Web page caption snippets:

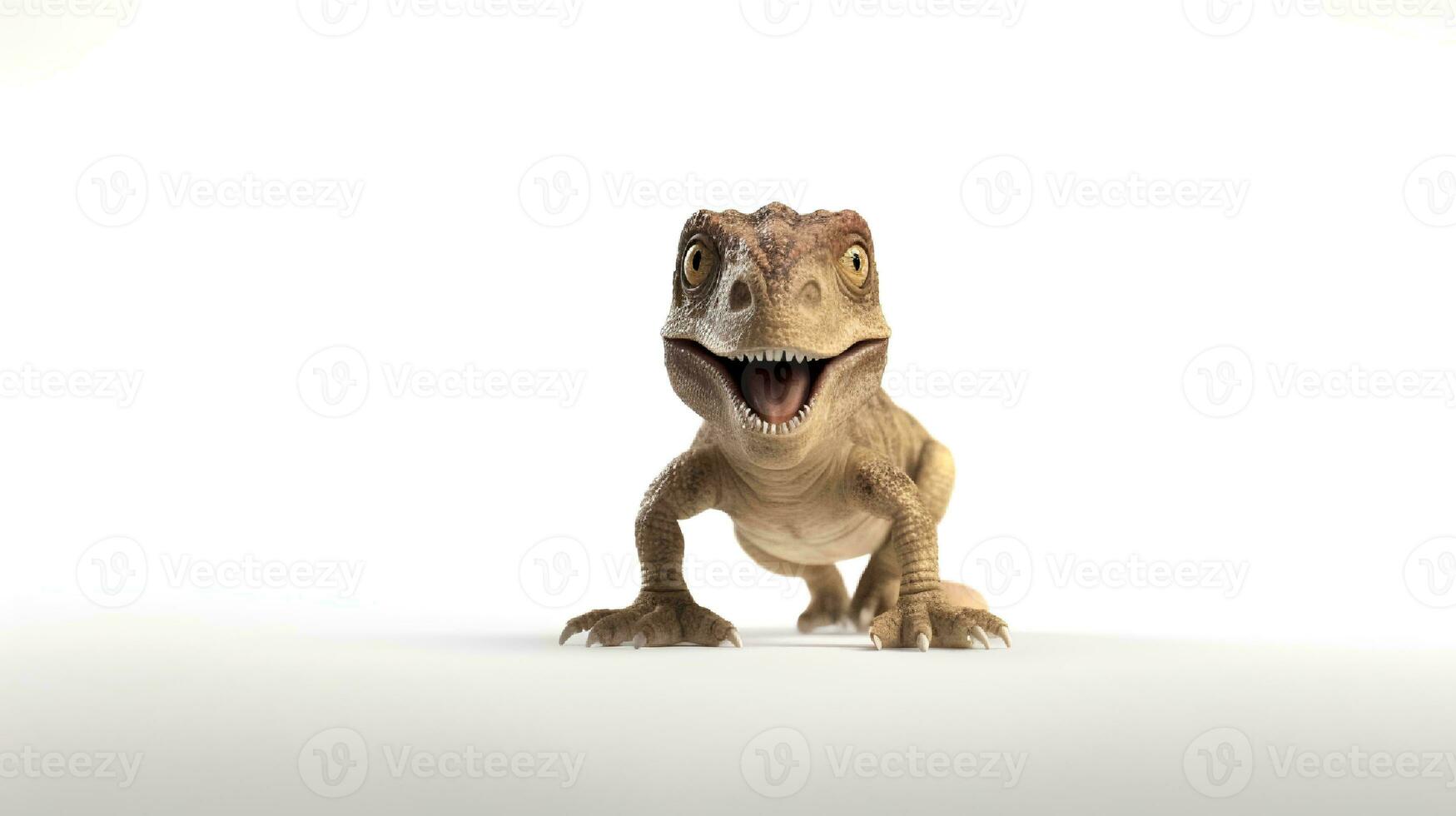 Photo of a t-rex on white background. Generative AI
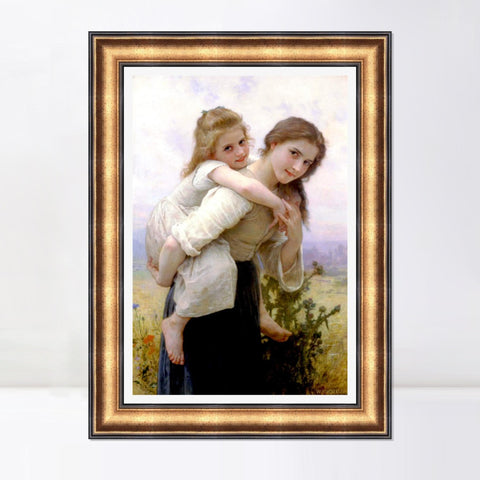 INVIN ART Framed Canvas Art Giclee Print Not Too Much To Carry by William Adolphe Bouguereau Wall Art Living Room Home Office Decorations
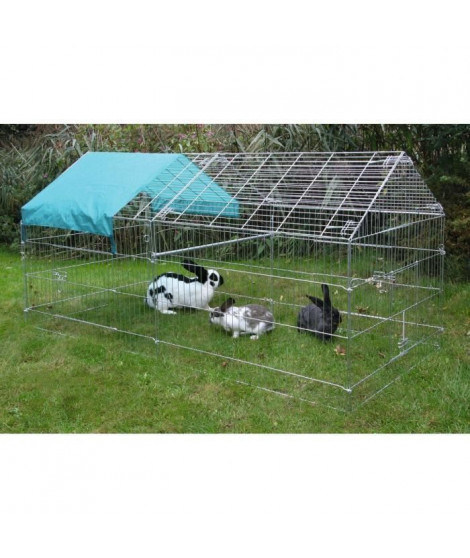 KERBL Enclos extérieur zingué avec bâche pour petits animaux - 220x103x103cm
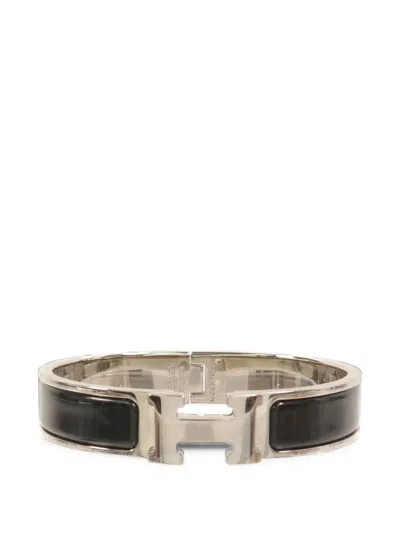 Pre-owned Hermes Clic H Bracelet In Silver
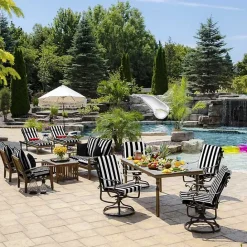 Best Kirklands Home Cabana Stripe Outdoor Chaise Cushion Black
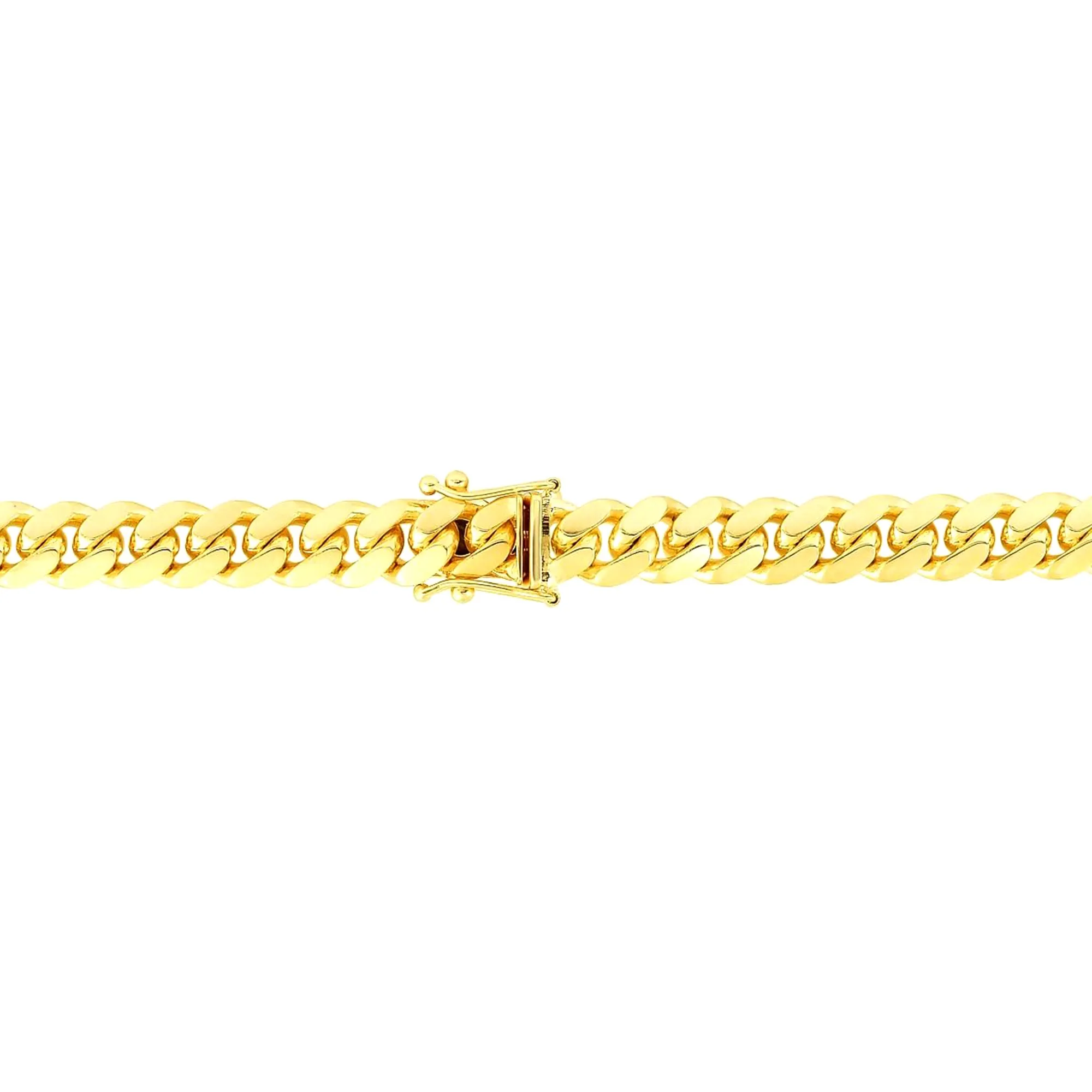 14k Yellow Solid Gold Miami Cuban Link Chain Necklace, Width 8.2mm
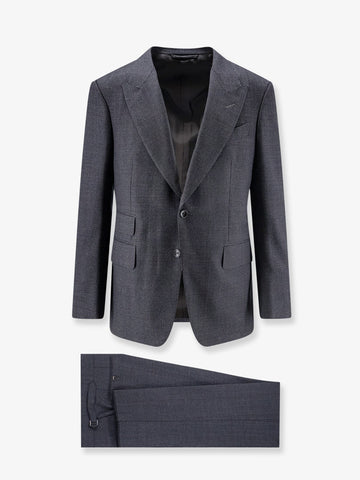 TOM FORD - Single-breasted wool suit Anthracite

- [ASSIGNMENT]: What you give back should match the entries above exactly, except that pictures are dropped.

- [EXERCISE RESULT]:
 Photo of a t-rex on white background. Generative AI
 INVIN ART Framed Canvas Art Giclee Print Not Too Much To Carry by William Adolphe Bouguereau Wall Art Living Room Home Office Decorations
 KERBL Enclos extérieur zingué avec bâche pour petits animaux - 220x103x103cm
 Pre-owned Hermes Clic H Bracelet In Silver
 Best Kirklands Home Cabana Stripe Outdoor Chaise Cushion Black
 14k Yellow Solid Gold Miami Cuban Link Chain Necklace, Width 8.2mm
 TOM FORD - Single-breasted wool suit Anthracite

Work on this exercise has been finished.